Please copy out the entries below exactly, beginning with the line that contains "1115 SW 2nd" and ending with the line that contains "Banana Republic blouse", and include nothing outside that span.

----- Data shown -----

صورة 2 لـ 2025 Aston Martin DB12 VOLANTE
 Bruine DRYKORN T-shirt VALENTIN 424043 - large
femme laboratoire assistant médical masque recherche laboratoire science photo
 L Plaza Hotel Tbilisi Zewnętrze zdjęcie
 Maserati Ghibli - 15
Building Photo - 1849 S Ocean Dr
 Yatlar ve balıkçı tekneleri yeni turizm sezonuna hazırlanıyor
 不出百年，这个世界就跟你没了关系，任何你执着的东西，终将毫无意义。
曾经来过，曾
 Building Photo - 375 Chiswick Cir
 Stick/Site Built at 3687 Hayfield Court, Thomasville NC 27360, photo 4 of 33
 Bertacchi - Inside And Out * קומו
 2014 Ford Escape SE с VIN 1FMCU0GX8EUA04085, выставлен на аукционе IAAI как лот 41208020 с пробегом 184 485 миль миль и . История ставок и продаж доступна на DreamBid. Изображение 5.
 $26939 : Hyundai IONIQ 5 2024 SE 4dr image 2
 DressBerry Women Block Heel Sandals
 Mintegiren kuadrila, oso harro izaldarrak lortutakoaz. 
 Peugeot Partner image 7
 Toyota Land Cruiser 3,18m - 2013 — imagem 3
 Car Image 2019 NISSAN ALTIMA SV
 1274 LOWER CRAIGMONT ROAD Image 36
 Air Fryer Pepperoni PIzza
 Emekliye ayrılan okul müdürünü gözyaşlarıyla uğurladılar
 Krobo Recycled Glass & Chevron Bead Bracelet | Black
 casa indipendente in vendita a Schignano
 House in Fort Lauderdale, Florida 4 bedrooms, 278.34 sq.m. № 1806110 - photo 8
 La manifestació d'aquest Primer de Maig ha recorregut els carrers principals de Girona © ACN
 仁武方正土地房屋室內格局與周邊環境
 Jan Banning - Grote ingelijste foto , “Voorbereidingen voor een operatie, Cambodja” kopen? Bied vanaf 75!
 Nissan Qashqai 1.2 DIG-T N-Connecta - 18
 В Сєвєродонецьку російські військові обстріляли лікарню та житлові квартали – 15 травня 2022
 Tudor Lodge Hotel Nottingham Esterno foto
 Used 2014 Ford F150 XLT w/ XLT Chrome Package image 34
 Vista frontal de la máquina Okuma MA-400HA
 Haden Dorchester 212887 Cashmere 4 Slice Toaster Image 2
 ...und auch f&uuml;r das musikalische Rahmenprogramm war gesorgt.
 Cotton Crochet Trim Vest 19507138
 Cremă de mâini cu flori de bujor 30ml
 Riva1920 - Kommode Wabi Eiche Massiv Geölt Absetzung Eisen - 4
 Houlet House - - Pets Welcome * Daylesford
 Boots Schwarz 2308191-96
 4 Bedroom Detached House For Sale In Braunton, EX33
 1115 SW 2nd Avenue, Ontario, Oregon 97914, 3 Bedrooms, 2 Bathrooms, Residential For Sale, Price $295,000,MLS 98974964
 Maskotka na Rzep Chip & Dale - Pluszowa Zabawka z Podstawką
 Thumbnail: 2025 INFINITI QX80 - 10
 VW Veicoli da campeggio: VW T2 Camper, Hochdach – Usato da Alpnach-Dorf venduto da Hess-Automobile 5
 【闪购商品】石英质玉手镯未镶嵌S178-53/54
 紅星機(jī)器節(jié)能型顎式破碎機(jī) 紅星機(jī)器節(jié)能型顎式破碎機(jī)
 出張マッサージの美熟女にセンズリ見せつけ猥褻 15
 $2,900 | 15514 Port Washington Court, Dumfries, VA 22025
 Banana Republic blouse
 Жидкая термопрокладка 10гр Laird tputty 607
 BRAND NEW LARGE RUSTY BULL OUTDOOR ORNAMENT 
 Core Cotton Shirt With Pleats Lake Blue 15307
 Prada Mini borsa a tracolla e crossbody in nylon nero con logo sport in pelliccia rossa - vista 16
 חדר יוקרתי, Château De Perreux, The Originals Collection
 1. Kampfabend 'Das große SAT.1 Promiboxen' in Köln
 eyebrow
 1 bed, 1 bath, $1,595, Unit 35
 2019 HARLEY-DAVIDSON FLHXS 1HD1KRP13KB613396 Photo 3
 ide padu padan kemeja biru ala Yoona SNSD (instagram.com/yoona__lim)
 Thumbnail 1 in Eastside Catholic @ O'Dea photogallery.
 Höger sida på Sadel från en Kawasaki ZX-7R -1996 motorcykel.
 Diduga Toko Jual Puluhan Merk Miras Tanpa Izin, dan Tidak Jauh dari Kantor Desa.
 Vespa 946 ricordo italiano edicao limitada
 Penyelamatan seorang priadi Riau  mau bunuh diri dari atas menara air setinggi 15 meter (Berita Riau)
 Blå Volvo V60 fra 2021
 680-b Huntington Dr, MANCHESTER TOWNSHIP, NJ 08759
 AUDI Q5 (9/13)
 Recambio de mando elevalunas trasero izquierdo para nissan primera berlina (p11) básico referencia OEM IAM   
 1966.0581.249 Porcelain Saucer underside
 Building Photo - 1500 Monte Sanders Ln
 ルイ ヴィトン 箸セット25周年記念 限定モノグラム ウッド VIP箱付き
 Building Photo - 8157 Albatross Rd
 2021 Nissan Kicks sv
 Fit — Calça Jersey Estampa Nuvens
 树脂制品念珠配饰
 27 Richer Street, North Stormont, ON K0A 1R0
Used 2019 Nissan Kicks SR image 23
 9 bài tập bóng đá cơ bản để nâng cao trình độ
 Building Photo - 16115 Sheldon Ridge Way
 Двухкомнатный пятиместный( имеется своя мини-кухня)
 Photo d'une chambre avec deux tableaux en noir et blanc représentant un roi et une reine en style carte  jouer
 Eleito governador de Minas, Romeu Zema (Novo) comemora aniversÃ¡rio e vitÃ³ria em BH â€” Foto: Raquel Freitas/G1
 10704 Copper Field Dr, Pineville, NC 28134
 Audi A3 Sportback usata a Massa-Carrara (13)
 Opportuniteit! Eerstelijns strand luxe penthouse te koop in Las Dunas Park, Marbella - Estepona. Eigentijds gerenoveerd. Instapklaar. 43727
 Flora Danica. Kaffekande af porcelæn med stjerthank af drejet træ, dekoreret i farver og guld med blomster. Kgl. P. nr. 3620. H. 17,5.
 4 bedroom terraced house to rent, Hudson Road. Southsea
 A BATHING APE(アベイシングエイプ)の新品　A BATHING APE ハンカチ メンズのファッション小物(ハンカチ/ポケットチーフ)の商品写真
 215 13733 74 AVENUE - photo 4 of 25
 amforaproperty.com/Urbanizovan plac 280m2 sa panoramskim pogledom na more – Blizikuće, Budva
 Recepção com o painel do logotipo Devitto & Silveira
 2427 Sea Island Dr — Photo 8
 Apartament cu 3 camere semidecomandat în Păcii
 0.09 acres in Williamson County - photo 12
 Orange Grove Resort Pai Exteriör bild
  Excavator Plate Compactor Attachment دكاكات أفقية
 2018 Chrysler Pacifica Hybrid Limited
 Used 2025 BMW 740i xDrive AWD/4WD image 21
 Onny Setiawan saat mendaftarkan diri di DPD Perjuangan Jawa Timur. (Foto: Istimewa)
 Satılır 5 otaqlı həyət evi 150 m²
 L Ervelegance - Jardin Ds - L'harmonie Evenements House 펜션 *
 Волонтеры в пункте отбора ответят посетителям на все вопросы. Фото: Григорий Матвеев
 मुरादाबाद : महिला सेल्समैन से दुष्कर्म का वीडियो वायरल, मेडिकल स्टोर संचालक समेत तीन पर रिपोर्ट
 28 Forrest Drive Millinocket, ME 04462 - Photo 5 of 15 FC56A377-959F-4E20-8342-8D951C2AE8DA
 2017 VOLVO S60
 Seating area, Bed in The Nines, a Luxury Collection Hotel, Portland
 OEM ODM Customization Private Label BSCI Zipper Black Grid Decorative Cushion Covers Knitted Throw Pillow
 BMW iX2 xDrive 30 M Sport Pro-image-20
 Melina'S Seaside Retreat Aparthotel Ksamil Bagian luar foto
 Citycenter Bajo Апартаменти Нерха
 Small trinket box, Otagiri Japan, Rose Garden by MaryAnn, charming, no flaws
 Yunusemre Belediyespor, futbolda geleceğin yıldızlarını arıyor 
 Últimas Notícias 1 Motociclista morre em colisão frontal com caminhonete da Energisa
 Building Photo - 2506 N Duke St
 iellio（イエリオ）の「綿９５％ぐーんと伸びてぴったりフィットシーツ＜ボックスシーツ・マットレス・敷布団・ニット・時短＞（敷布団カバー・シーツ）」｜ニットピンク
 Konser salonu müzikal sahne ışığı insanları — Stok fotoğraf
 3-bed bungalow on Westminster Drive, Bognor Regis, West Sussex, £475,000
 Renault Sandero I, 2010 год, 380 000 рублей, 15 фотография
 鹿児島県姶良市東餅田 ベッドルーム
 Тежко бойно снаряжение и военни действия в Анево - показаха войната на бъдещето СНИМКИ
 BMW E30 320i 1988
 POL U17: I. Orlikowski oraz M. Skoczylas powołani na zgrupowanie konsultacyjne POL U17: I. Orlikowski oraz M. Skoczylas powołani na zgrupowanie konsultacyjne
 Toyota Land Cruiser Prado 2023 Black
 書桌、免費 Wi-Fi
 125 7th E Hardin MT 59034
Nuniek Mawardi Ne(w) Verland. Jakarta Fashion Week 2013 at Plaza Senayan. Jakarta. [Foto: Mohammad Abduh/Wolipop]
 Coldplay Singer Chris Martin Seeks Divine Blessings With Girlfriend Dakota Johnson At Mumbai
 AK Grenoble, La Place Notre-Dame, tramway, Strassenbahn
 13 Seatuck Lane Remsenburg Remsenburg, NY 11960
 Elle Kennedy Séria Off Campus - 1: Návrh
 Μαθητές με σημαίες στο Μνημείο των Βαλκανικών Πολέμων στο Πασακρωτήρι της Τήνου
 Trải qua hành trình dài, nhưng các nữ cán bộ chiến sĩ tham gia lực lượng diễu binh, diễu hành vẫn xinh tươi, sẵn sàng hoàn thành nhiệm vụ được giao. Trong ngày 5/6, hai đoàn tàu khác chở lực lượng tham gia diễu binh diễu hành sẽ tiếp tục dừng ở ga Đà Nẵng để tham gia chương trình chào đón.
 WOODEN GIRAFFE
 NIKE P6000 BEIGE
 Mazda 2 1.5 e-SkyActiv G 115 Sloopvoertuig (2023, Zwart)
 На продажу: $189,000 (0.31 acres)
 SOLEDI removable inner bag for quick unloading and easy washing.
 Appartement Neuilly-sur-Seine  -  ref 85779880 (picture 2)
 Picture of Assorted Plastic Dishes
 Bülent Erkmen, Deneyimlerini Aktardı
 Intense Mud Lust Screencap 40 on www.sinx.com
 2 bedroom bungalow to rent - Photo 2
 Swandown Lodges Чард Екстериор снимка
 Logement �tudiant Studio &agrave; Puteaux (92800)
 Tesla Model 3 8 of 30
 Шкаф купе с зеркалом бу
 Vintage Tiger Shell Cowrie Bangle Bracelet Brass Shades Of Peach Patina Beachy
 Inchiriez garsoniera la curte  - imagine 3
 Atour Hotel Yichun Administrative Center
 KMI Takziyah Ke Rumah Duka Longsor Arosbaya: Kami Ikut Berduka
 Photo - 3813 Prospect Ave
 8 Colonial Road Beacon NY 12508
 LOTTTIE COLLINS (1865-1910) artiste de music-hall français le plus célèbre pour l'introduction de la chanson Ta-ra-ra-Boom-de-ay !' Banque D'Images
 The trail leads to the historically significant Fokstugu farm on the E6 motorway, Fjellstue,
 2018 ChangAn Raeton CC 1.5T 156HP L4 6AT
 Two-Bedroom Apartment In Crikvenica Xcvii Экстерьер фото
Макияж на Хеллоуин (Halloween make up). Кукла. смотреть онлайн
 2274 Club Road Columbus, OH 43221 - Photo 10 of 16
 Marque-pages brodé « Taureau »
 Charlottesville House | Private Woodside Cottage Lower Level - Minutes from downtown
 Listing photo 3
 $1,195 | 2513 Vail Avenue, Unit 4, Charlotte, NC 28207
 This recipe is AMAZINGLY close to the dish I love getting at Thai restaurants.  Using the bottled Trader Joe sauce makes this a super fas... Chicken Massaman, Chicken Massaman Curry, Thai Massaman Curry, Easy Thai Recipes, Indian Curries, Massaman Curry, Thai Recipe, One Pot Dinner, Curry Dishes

-----

■ Answer section ■
 1115 SW 2nd Avenue, Ontario, Oregon 97914, 3 Bedrooms, 2 Bathrooms, Residential For Sale, Price $295,000,MLS 98974964
 Maskotka na Rzep Chip & Dale - Pluszowa Zabawka z Podstawką
 Thumbnail: 2025 INFINITI QX80 - 10
 VW Veicoli da campeggio: VW T2 Camper, Hochdach – Usato da Alpnach-Dorf venduto da Hess-Automobile 5
 【闪购商品】石英质玉手镯未镶嵌S178-53/54
 紅星機(jī)器節(jié)能型顎式破碎機(jī) 紅星機(jī)器節(jié)能型顎式破碎機(jī)
 出張マッサージの美熟女にセンズリ見せつけ猥褻 15
 $2,900 | 15514 Port Washington Court, Dumfries, VA 22025
 Banana Republic blouse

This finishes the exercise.